Now thankfully to me I can speak German, so I was able to access that system, but two days later I spoke to a Japanese colleague who told me that he’s been trying to get a bank appointment and he hasn’t been able to because he doesn’t speak German, and even if he did his accent wouldn’t be recognized.

So this is kind of an example of how that could look like on a speech recognition side. Again, the same happens. So in Mexico, for example, speaker recognition is used for proof of life verification of pensioners. And so there, if you have this false negative failure, again, as if you said, let’s take what has happened in banking of saying banks try to consolidate the locations to save money.

There’s only very few physical locations that remain, and if we take a scenario where pensioners used to maybe have access to collect the pension from a large variety of different places, now there’s a drive for digitization, and because of that, there’s consolidation of physical locations, location branches close.

And if you then sit with false negative errors and you, for example, can’t validate your identity, you suddenly have a scenario where instead of being able to walk a kilometer to access your pension, you now might have to travel 200 kilometers to the next city. I am playing a little bit with what might happen in future.
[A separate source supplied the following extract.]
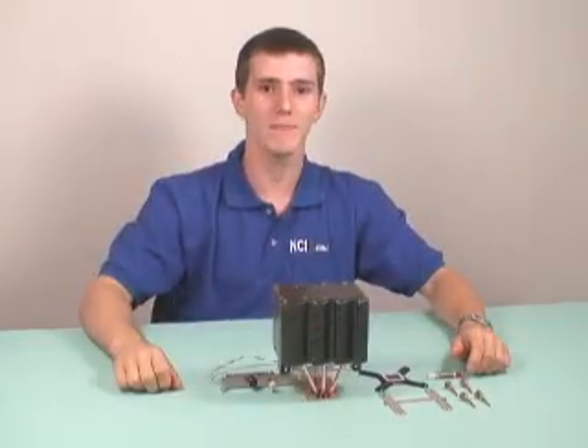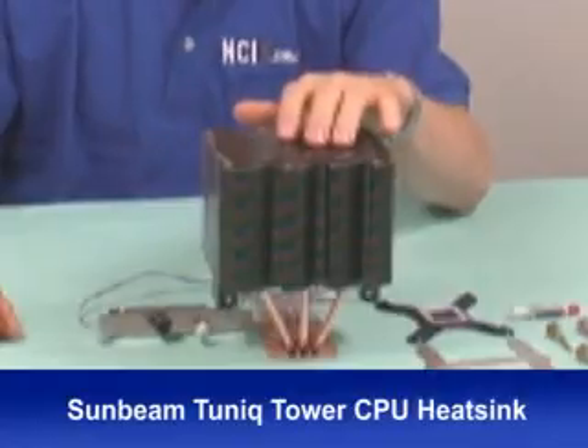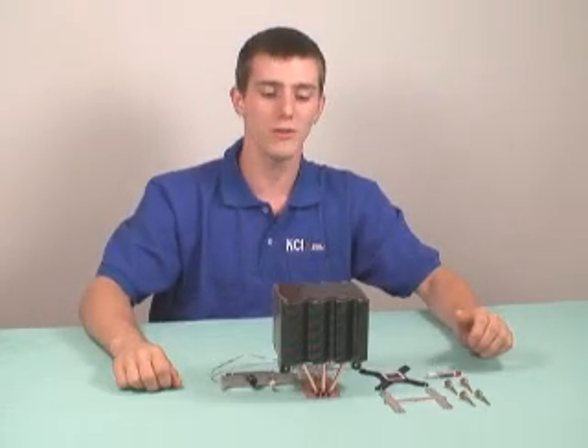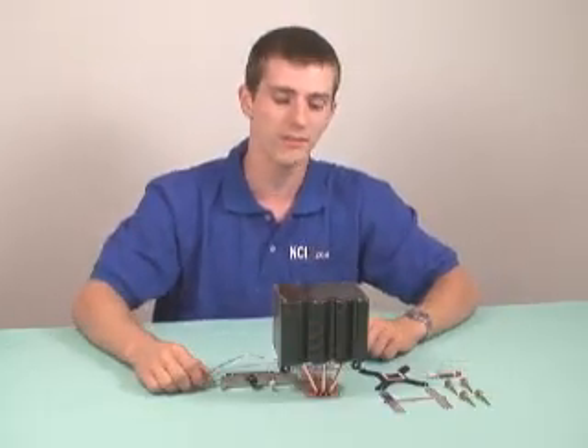Hi, welcome to NCIX Tech Tips. My name is Linus Sebastian and today we'll be looking at the Sunbeam Tech Tunic Tower. The Tunic Tower is a replacement for your Intel stock cooler or your AMD stock cooler on your CPU, allowing for better cooling and higher overclocks.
So I’m not aware of any failures like that having happened exactly right now. But I also think we largely so unaware of. speaker recognition technology in everyday products that I think we might not even always yet realize when it’s failing us. And I think the stories maybe haven’t quite emerged yet.

Justin Hendrix:

I want to talk a little bit about speech to text and speech recognition, in particular.

Transcription this is such a common thing that people are using. Technology for these days, I use it all the time, of course, and doing this podcast, I was just reading a New York Times article the other day about call center employee in Mississippi who was talking about the ways in which automation is kind of creeping into her work.

And one of the problems that she was having is that the transcription service that records her interactions with customers often makes a variety of different mistakes and, you know, may rank the quality of her communication more poorly as a result because she has a southern accent.

Now, I have a southern accent. Of course, that, you know, hit close to home. Can you talk a little bit about this, about this issue around speech recognition, what makes for accurate transcription and what causes there to be, problematic results? 

Wiebke Hutiri:

Yeah, so that’s a very interesting question. And I think, yeah, maybe also interesting in terms of the downstream consequences that ties if we assume that the technology works well and then penalize people when the technology doesn’t work so well.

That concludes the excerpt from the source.